La asociación de reparadores acusa a las compañías de asistencia de precios injustos
La Asociación de Reparadores del Seguro de Hogar (ARSE) afirma que trabajan «bajo un modelo profundamente injusto, en el que no pueden fijar el valor de su propio trabajo. Las compañías de asistencia —intermediarias entre aseguradoras y reparadoras— imponen tarifas cerradas y baremos obsoletos, derivados de sistemas mal diseñados y nunca actualizados conforme al coste real del mercado. Este modelo reduce los márgenes hasta niveles inviables y obliga a aceptar condiciones impuestas para seguir operando. Se consolida así una relación de poder desequilibrada, donde las reparadoras quedan excluidas de la negociación de precios y condiciones».
Además, añaden que a esta situación se suman estas prácticas financieras que consideran que agravan la precariedad del sector:
- Retrasos sistemáticos en los pagos: Las reparadoras deben adelantar materiales y mano de obra sin saber cuándo cobrarán. Esta «financiación forzada» genera dependencia e incertidumbre.
- Devoluciones arbitrarias de facturas: Por errores menores o sin justificación clara, muchas facturas son devueltas, reiniciando plazos y generando una carga administrativa innecesaria.
- Penalizaciones y descuentos injustificados: Se aplican recortes por supuestos errores o retrasos, incluso cuando son ajenos a la reparadora. En ocasiones, el dinero se retiene sin previo aviso, afectando gravemente la liquidez.
Propuestas de ARSE
Desde la asociación, defienden «la necesidad urgente de reformar el modelo actual sobre bases más justas y equitativas, que garanticen la sostenibilidad del sector. Para ello, proponemos un conjunto de medidas prioritarias. En primer lugar, exigimos transparencia en la fijación de tarifas, con criterios claros y con participación directa de quienes ejecutan los trabajos. Es también imprescindible regular los plazos de pago, estableciendo límites máximos y sanciones ante retrasos injustificados, que hoy afectan gravemente a la liquidez de las empresas. Asimismo, debe ponerse fin a las devoluciones arbitrarias de facturas, exigiendo que toda devolución esté debidamente justificada y documentada.
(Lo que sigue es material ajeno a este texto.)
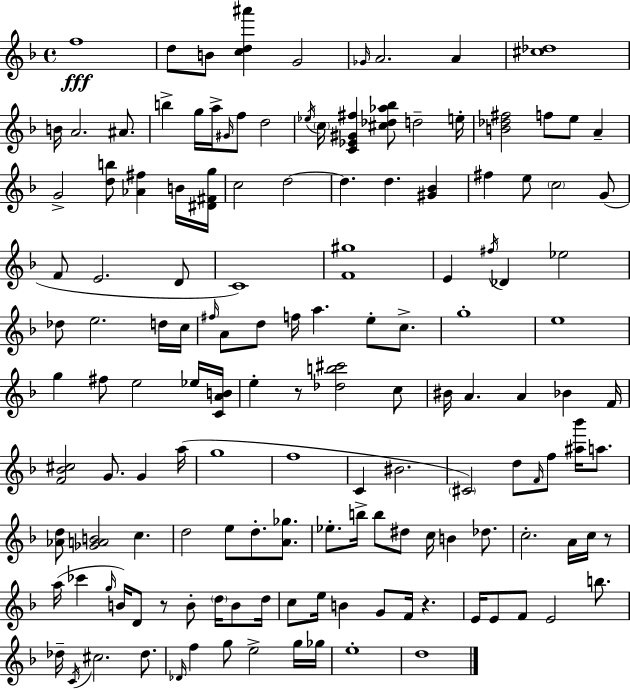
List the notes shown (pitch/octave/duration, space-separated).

F5/w D5/e B4/e [C5,D5,A#6]/q G4/h Gb4/s A4/h. A4/q [C#5,Db5]/w B4/s A4/h. A#4/e. B5/q G5/s A5/s G#4/s F5/e D5/h Eb5/s C5/s [C4,Eb4,G#4,F#5]/q [C#5,Db5,Ab5,Bb5]/e D5/h E5/s [B4,Db5,F#5]/h F5/e E5/e A4/q G4/h [D5,B5]/e [Ab4,F#5]/q B4/s [D#4,F#4,G5]/s C5/h D5/h D5/q. D5/q. [G#4,Bb4]/q F#5/q E5/e C5/h G4/e F4/e E4/h. D4/e C4/w [F4,G#5]/w E4/q F#5/s Db4/q Eb5/h Db5/e E5/h. D5/s C5/s F#5/s A4/e D5/e F5/s A5/q. E5/e C5/e. G5/w E5/w G5/q F#5/e E5/h Eb5/s [C4,A4,B4]/s E5/q R/e [Db5,B5,C#6]/h C5/e BIS4/s A4/q. A4/q Bb4/q F4/s [F4,Bb4,C#5]/h G4/e. G4/q A5/s G5/w F5/w C4/q BIS4/h. C#4/h D5/e F4/s F5/e [A#5,Bb6]/s A5/e. [Ab4,D5]/e [Gb4,A4,B4]/h C5/q. D5/h E5/e D5/e. [A4,Gb5]/e. Eb5/e. B5/s B5/e D#5/e C5/s B4/q Db5/e. C5/h. A4/s C5/s R/e A5/s CES6/q G5/s B4/s D4/e R/e B4/e D5/s B4/e D5/s C5/e E5/s B4/q G4/e F4/s R/q. E4/s E4/e F4/e E4/h B5/e. Db5/s C4/s C#5/h. Db5/e. Db4/s F5/q G5/e E5/h G5/s Gb5/s E5/w D5/w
Reclamamos además el derecho a una negociación colectiva efectiva, que permita al conjunto de las reparadoras defender sus condiciones en igualdad frente a las compañías de asistencia».
Como pilar estructural, ARSE propone «un baremo técnico y actualizado de precios de mercado, que sirva como referencia objetiva para todo el sector. Este baremo permitiría establecer tarifas realistas, basadas en datos verificables, y evitaría que las reparadoras trabajen por debajo de umbrales que comprometen su viabilidad».